Alright everyone, it is time for me to update you on my Alaskan adventures.
I finally went to Canada, which is only about an hour-long drive from Skagway. I was a little disappointed in it, as the roads were not paved in gold and the streetlights weren't lollipops. There are, however, cheap groceries and more than three thousand people. EXCITING! I was able to smuggle some ripe produce across the Canadian border, which made me happy that I did not have to explain the whereabouts of my mangoes. I went to Carcross, where most of the population (of 300) still lives in houses from the gold rush of 1898. The town of Bennett still accepts gold as currency. Despite all this gold money, I wonder how the Yukon clothes itself...There were only two clothing stores to be found, one of which sold exclusively Carhartts and various other heavy-labor accoutrement.
The drive from Skagway to Whitehorse, The Yukon Highway, is the most amazing stretch of land I have ever seen. Words can not even describe what it is like. I don't think there is anything else in the world that even comes close. As soon as I get pictures of my trip, I will post them online. The waterfalls off the mountains were especially strong yesterday due to the TONS and TONS of RAIN we've been getting here (and it is not supposed to stop for another week). It's a good thing though...The town of Skagway runs off of hydroelectric power from Pitchfork Falls and the Dewey Lake System. The clouds began to break towards the end of our trip and we got to see the lakes. Emerald Lake is green and clear because there is no inlet or outlet except the source of the water, which is a glacier. The chemicals from the glacier turn the water that green color. Lake Tutshi is one of the larger lakes in the mountains and the Natives used to think it was evil because the water is so dark and the wind is really strong, which creates whitecaps. Finally, I got to frolic in the smallest desert in the world, which was created by glacier movement and silt-processes (or something like that).
The forth of July here in Skagway was pretty interesting. There was a pretty big party downtown and I went with a big group of people I work with to watch the fireworks. Luckily, there wasn't much fog or many clouds, so everything was pretty easy to see.
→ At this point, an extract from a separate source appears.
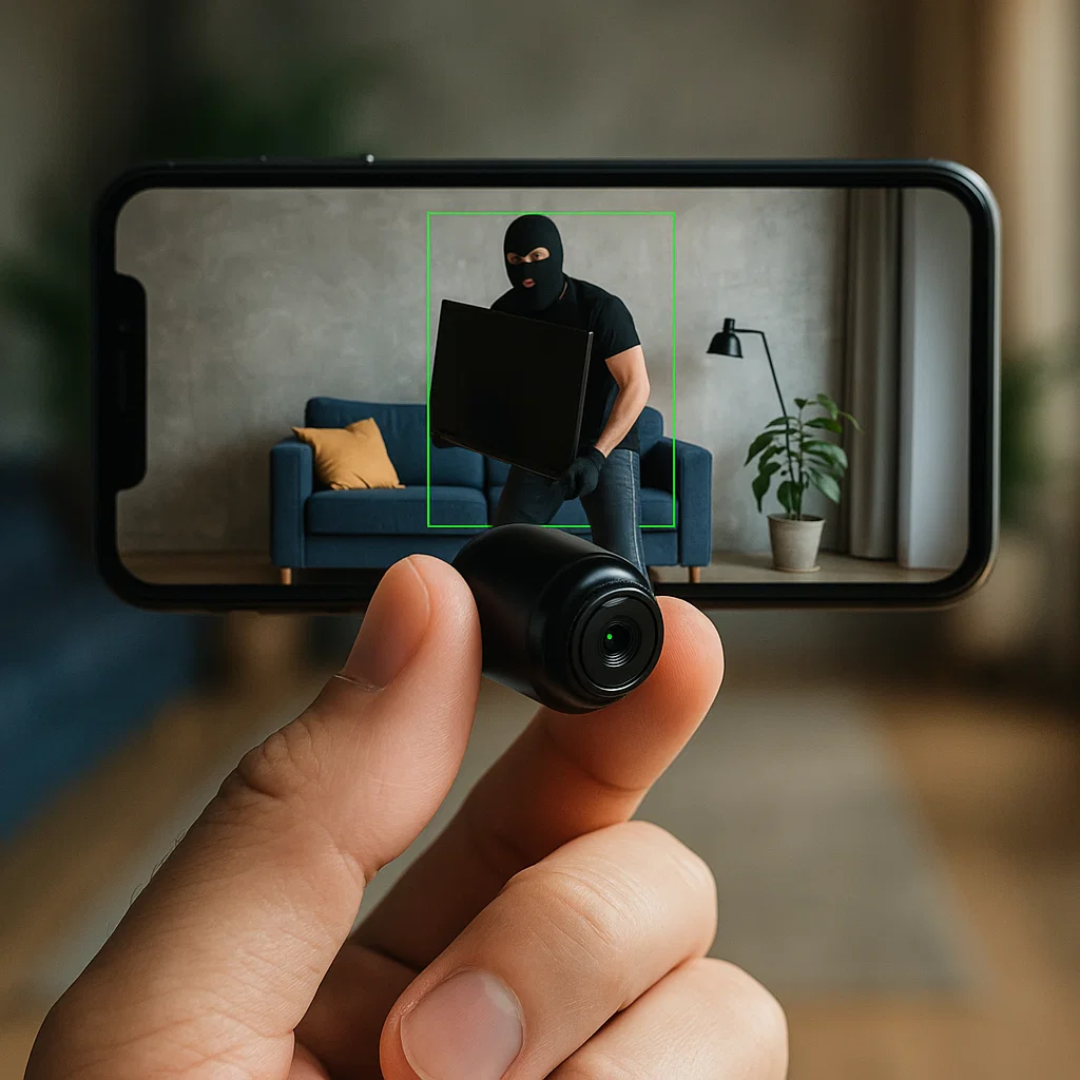 AeroGuard Mini Wireless Hidden Camera With Audio For Nanny Monitoring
The fireworks were at the harbor, against the mountains in the inlet. The lights and sounds didn't seem all that impressive though, considering the really tall mountains dwarfed them.
But now...what I know you actually care about...
Wildlife Spotted (Still no Moose or Caribou):
- Black Bear (Today, for the first time! It was in our trash.)
- Seals
- Golden Eagles
- River Otters
- Bald Eagles
- Blue Jays
- Whales
- Salmon
- Dolphins
- Ravens (They are like Pidgins here.)(And are especially active lately. The salmon are spawning soon in the river.)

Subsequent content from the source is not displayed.